Morocco recalls its ambassador to Berlin over Western Sahara


RABAT (Reuters) - Morocco recalled its ambassador to Berlin for consultations on Thursday in protest at what it described as Germany's "destructive attitude" towards Rabat's position on the Western Sahara issue.

It accused Germany of engaging in "antagonistic activism" after the United States in December recognised Moroccan sovereignty over the territory, which is also claimed as an independent state by the Algeria-backed Polisario Front movement.

Washington's decision, part of a deal that also involved increasing diplomatic ties between Morocco and Israel, prompted Germany to call a U.N. Security Council meeting to discuss the issue.

In March, Morocco ordered all governmental departments and bodies to abstain from any cooperation and contacts with the German Embassy and German political organisations.

Morocco also said on Thursday that Germany had disclosed sensitive information provided by Moroccan security services to a convicted jihadist, without elaborating.

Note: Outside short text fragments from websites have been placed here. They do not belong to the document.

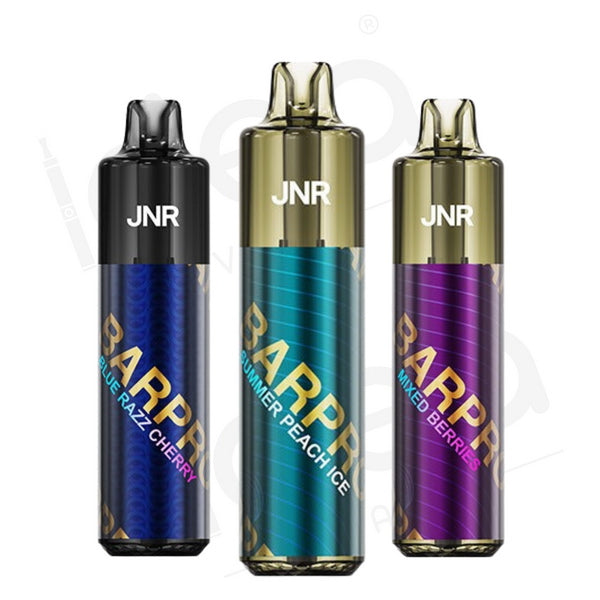 JNR Bar Pro 10000 Pod Vape Kit-800mAh Battery, 20ml E-liquid, Multiple Nicotine 12 Flavors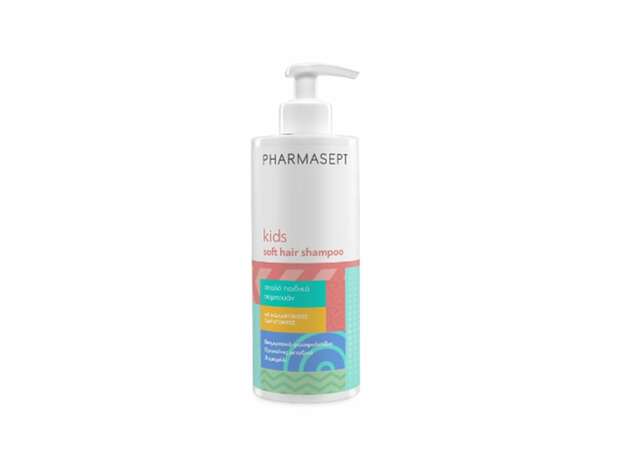 Pharmasept Kids Soft Hair Shampoo Παιδικό Σαμπουάν για Μαλακά & Λαμπερά Μαλλιά, 400ml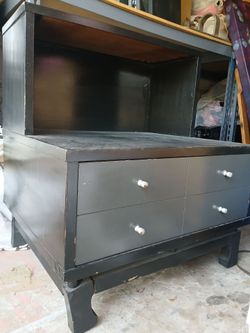 Mcm end table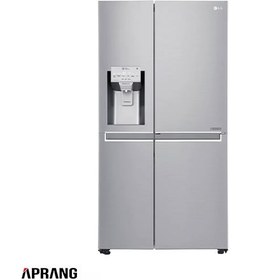 تصویر یخچال فریزر ساید بای ساید ال جی مدل J267 LG SIDE BY SIDE Refrigerators J267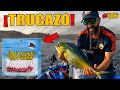Cómo pescar LLAMPUGAS a CURRICÁN COSTERO con.. ¡RICARDINHO! - Jurel Ramon #106a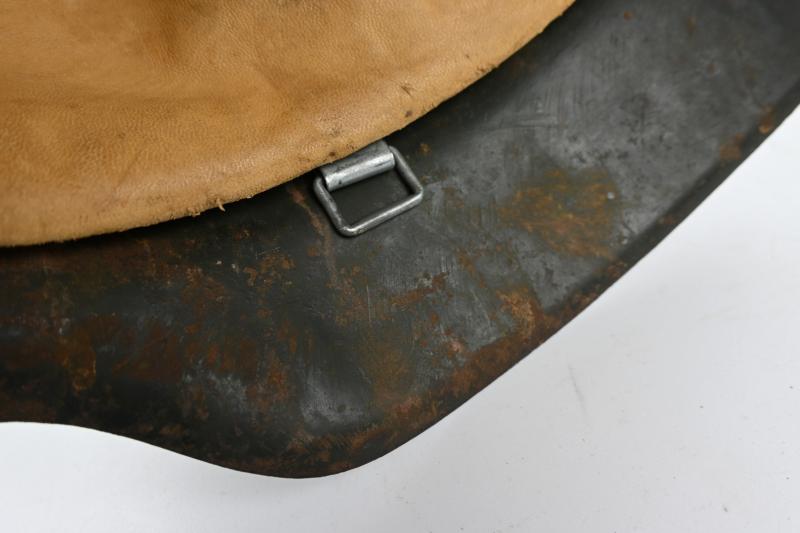 German WH M42 ND Combat Helmet Ex-Chickenwire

In a statement, it also repeated a previous complaint that Germany had not invited it to a 2020 Berlin conference on Libya. Morocco has over the past year played a role in Libyan diplomatic negotiations by hosting talks between members of the rival parliament groups.

The German Foreign Ministry said it was not informed in advance about the ambassador's recall, adding it could not understand the accusations in the communique from the Moroccan ministry and had asked for an explanation.

"We are all the more surprised by this measure because we are making constructive efforts with the Moroccan side to resolve the crisis," said a ministry official.